Fig. 1: Share of Python, R, Both, or Other platforms usage for Analytics, Data Science, Machine Learning, 2016 vs 2017
Next, we examine the transitions between the different platforms.
Fig. 2: Analytics, Data Science, Machine Learning Platforms
Transitions between R, Python, Both, and Other from 2016 to 2017
This chart looks complicated, but we see two key aspects, and Python wins on both:
- Loyalty: Python users are more loyal, with 91% of 2016 Python users staying with Python. Only 74% of R users stayed, and 60% of other platforms users did.
- Switching: Only 5% of Python users moved to R, while twice as many – 10% of R users moved to Python. Among those who used both in 2016, only 49% kept using both, 38% moved to Python, and 11% moved to R.
Net we look at trends across multiple years.
In our 2015 Poll on R vs Python we did not offer an option for “Both Python and R”, so to compare trends across 4 years, we replace the shares of Python and R in 2016 and 2017 by
Python* = (Python share) + 50% of (Both Python and R)
R* = (R share) + 50% of (Both Python and R)
We see that share of R usage is slowly declining (from about 50% in 2015 to 36% in 2017), while Python share is steadily growing – from 23% in 2014 to 47% in 2017. The share of other platforms is also steadily declining.

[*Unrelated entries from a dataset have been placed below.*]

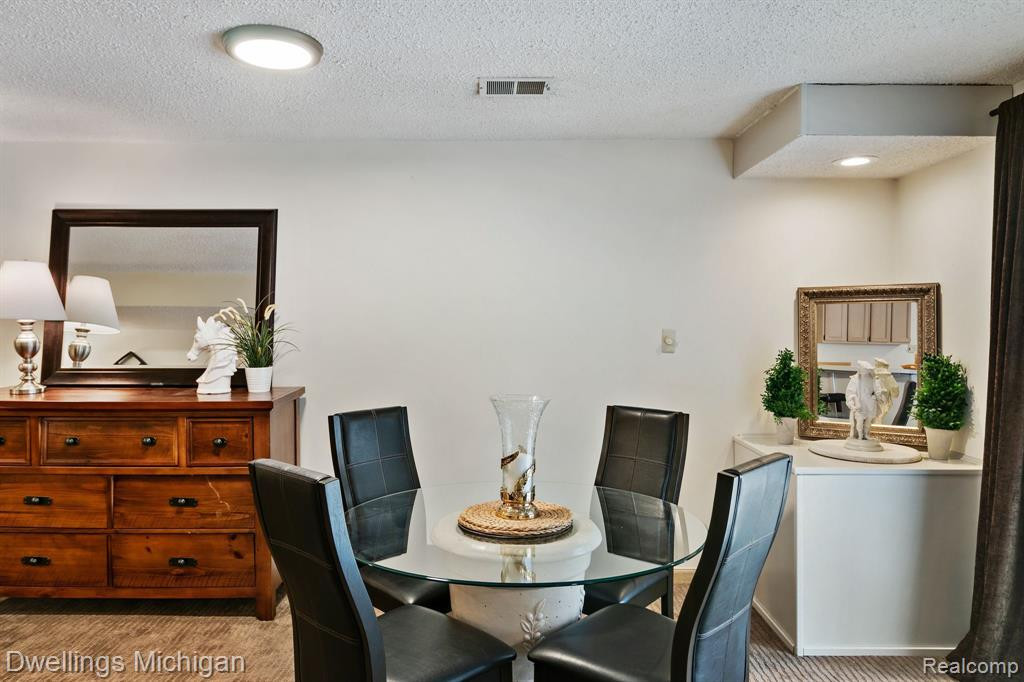 22000 RIVER RIDGE Trail, Farmington Hills, MI 48335 — Photo 29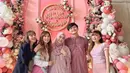 Saking kompaknya, kebersamaan 4 mantan anggotanya bak saudara kandung bahkan wajah keempatnya sekilas mirip. Bertemu lagi setelah lama tidak berjumpa, kebersamaan 4 mantan anggota Cherrybelle ini obati rindu para penggemar. Tak sedikit warganet yang membubuhkan komentar senang dengan kebersamaan mantan anggota Cherrybelle ini yang tetap kompak. (Liputan6.com/IG/@margareth_angelina)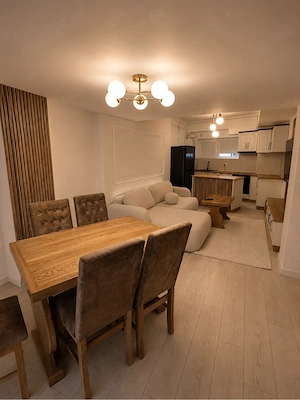 Vanda apartament cu 2 camere zona Carol - imagine 2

Fig. 3: Python vs R vs Other platforms for Analytics, Data Science, and Machine Learning, 2014-17
Finally, we look at trends and patterns by region. The regional participation was:
- US/Canada, 40%
- Europe, 35%
- Asia, 12.5%
- Latin America, 6.2%
- Africa/Middle East, 3.6%
- Australia/NZ, 3.1%
To simplify the chart we split “Both” votes among R and Python, as above, and also combine 4 regions with smaller participation of Asia, AU/NZ, Latin America, and Africa/Middle East into one “Rest” region.
Fig. 4: Python* vs R* vs Rest by Region, 2016 vs 2017
We observe the same pattern across all regions:
- increase in Python share, by 8-10%
- decline in R share, by about 2-4%
- decline in other platforms, by 5-7%
The future looks bright for Python users, but we expect that R and other platforms will retain some share in the foreseeable future because of their large embedded base.
Bill Winkler, computational speed, etc.
We are a SAS shop with ~30 new Ph.D.s and others who primarily use R. Some people are starting to work with Python because we are starting to move to a cloud-based environment. For working with national files using software based on rigorous theoretical models, we use very highly optimized C and FORTRAN routines. SAS, R, and even sometimes Python are 100+ times too slow.